Sollecitato dai commenti di Davide e Francesco, riprendiamo il discorso del post precedente e cerchiamo di analizzare e sviscerare un po’ di più le situazioni che sempre più spesso mi capita di vedere.

Quello che Davide e Francesco “contestano” della visione descritta nel post precedente credo sia dettata da una loro visione data-centrica: il dato prima di tutto…e detta così potrebbe sembrare ovvia 🙂 Ma non è così semplice: il dato cambia, non solo nella sostanza, ma anche e soprattutto nella forma e ciò che ne delinea i contorni sono i processi di business che le nostre applicazioni modellano. Guardare il dato in un particolare istante significa fare uno snapshot dello stato di un processo…ma mentre lo stiamo guardando e analizzando quel dato potrebbe già essere vecchio, ma non solo…potrebbe anche avere una “forma” talmente vecchia da non essere più utile.

La mia idea non è quella di creare dei gateway verso i dati, ma delineare in modo marcato i confini dei processi in cui ogni dato acquisisce un particolare significato. E’ solo attraverso il processo che si può capire il valore di un dato. Chiunque debba interagire con i dati in lettura lo può fare attraverso le API che i processi metteranno a disposizione, ma soprattutto quando si deve interagire in scrittura l’unico modo per non correre il rischio di portare il sistema in uno stato inconsistente è quello di delegare le nostre richieste a chi le sa gestire.

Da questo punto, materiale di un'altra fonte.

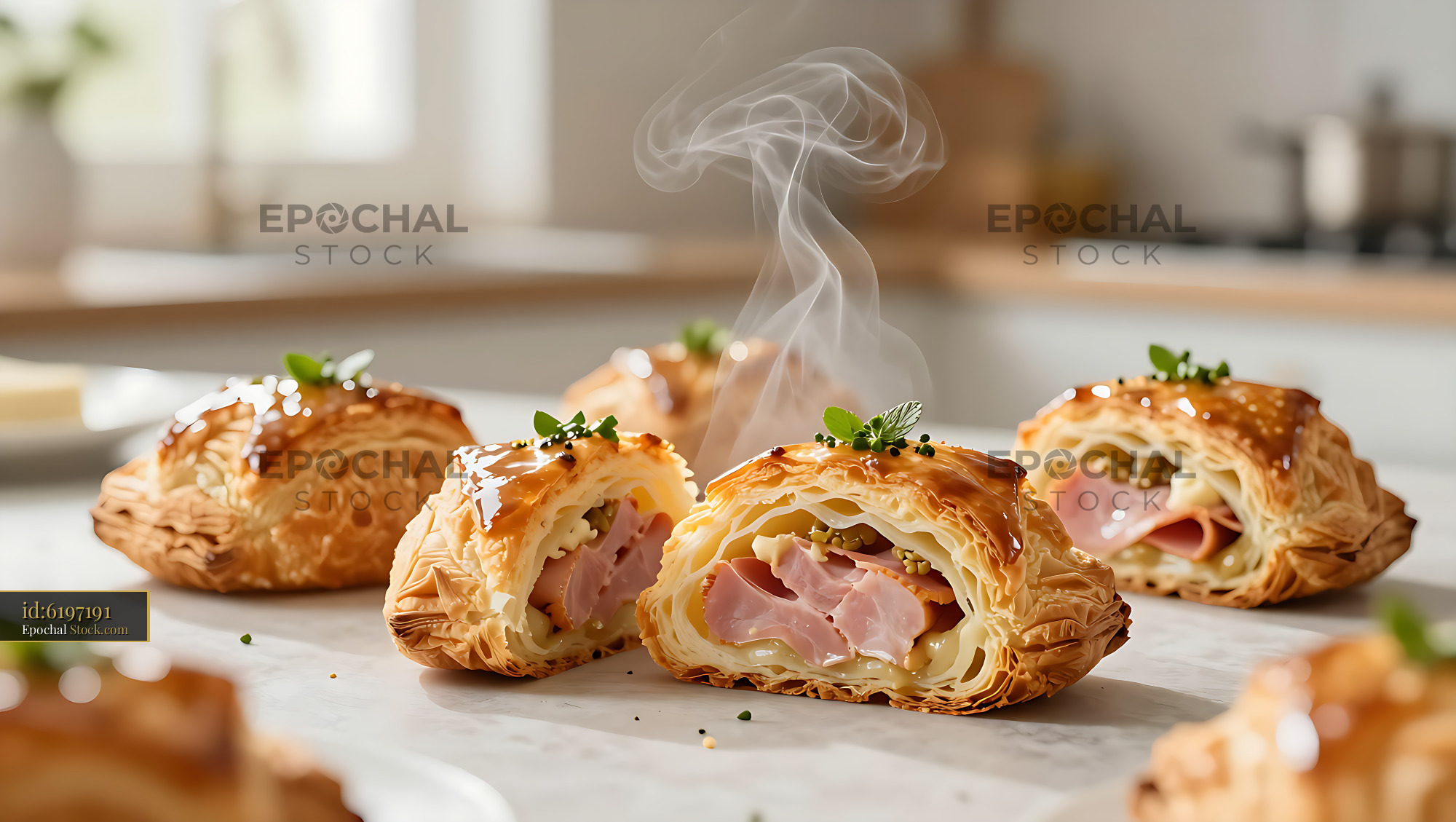 Freshly baked friand au jambon with ham and cheese in a kitchen - stock photo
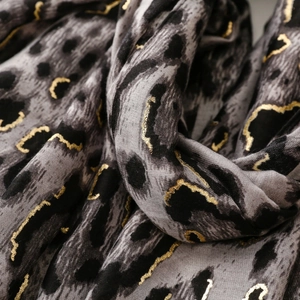 Detail of grey leopard print shawl with metallic gold foil accents and soft texture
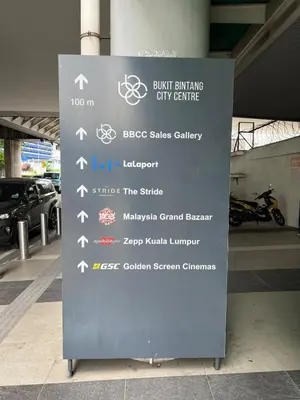 a sign in front of a parking garage at Near Jalan Alor in Kuala Lumpur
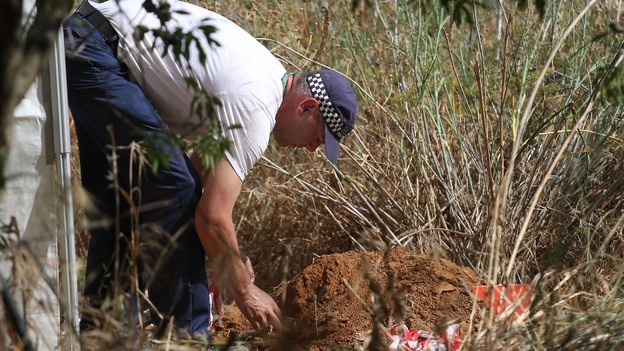 A British police officer checks soil samples dug from a hole in an area of wasteland
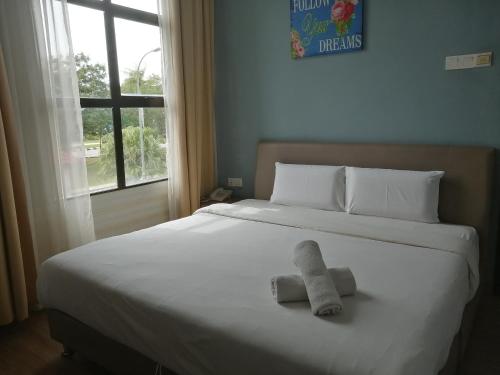 a white bed with a stuffed animal on it at CHARISMA HOTEL in Kuantan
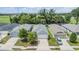 The house is front-facing with a two-car garage, a tidy lawn, and is situated in a well-kept neighborhood at 13814 Harvestwood Ln, Riverview, FL 33569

Questo attore non può essere il database, che ha (e deve avere) altri compiti.

In un ambiente distribuito questa “compartimentazione” è manna dal cielo: come afferma il CAP theorem, non è possibile garantire contemporaneamente consistenza, “disponibilità” e tolleranza al partizionamento di rete (non so se si traduce così 🙂 )per un sistema distribuito. Garantire due di questi aspetti, in base alle esigenze, suddividendo l’intero sistema in contesti è la soluzione per semplificare il problema…ma di questo ne parliamo la prossima volta.